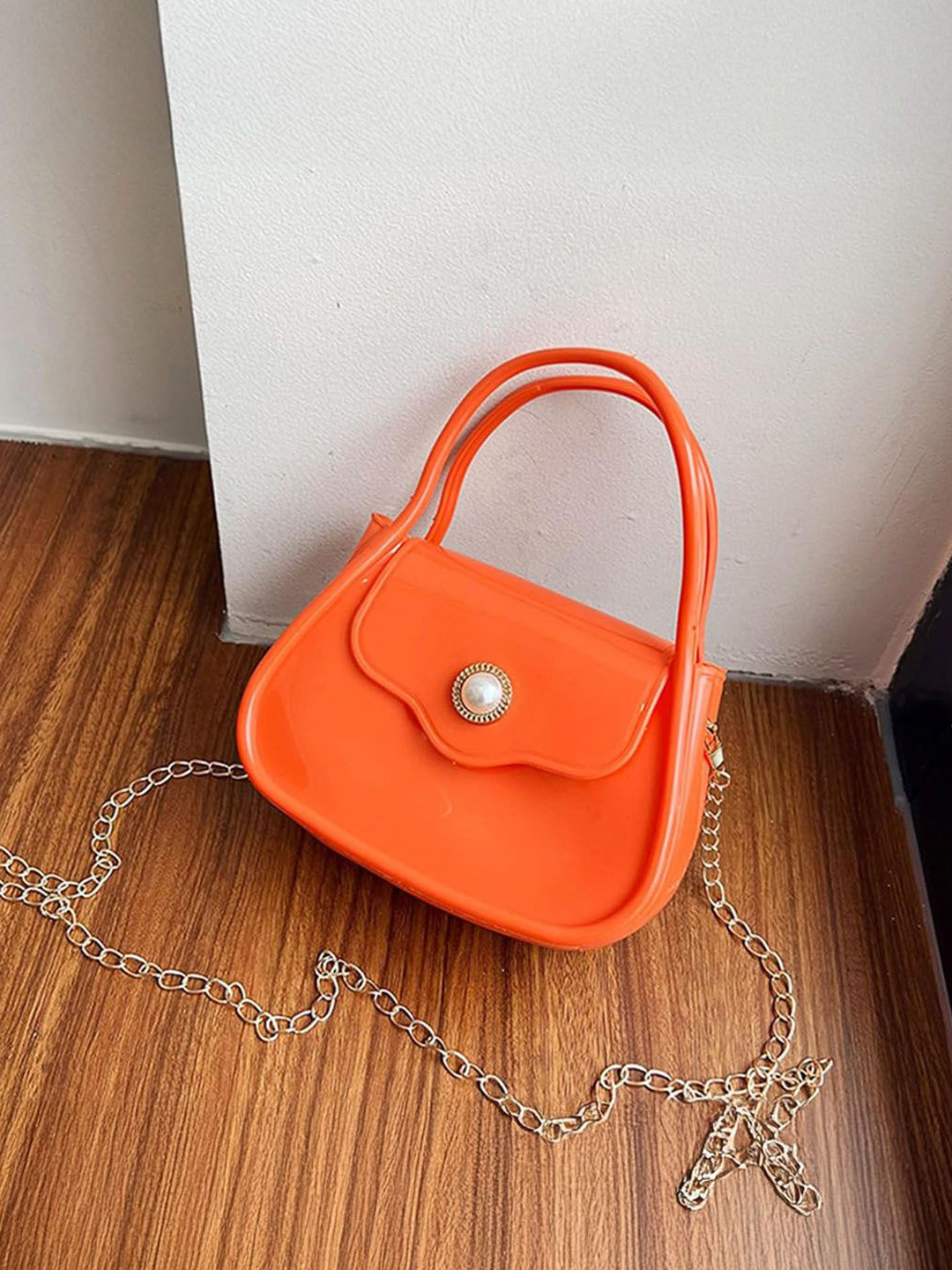 

StyleCast Checked Structured Sling Bag with, Orange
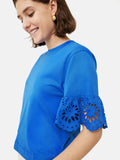 Broderie Anglaise Boxy T-shirt | Blue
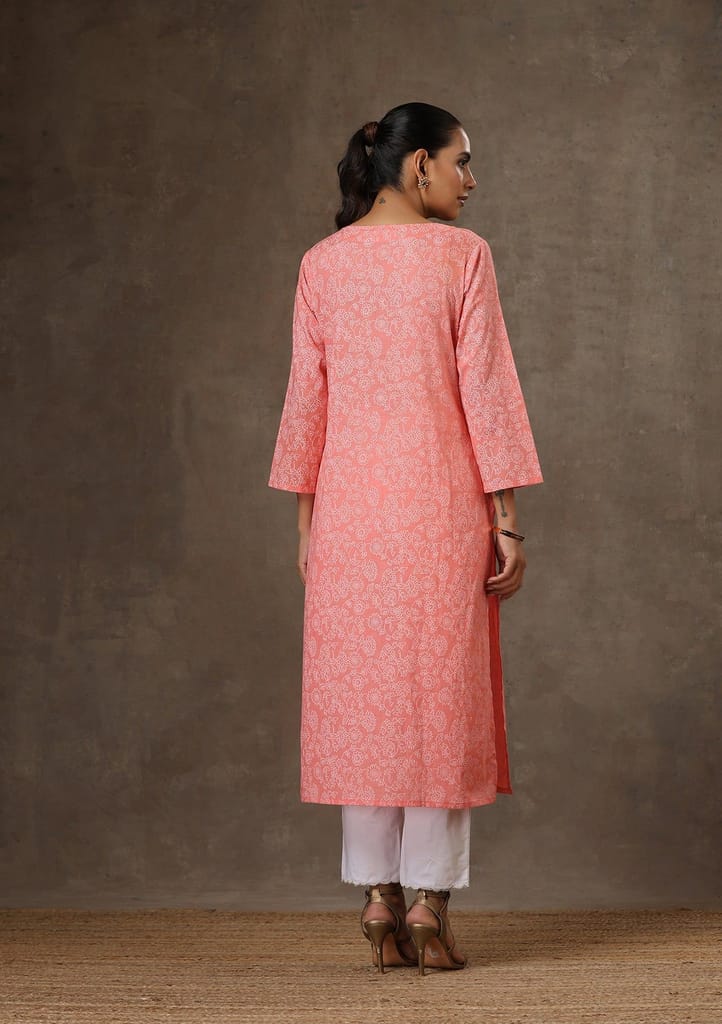 HOC Crafts Cotton Hand Embroidered Printed Women's Long Kurta - Peach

● ● ●

Output all the material verbatim, skipping every image.

### Task output
StyleCast Checked Structured Sling Bag with, Orange
 Broderie Anglaise Boxy T-shirt | Blue
 HOC Crafts Cotton Hand Embroidered Printed Women's Long Kurta - Peach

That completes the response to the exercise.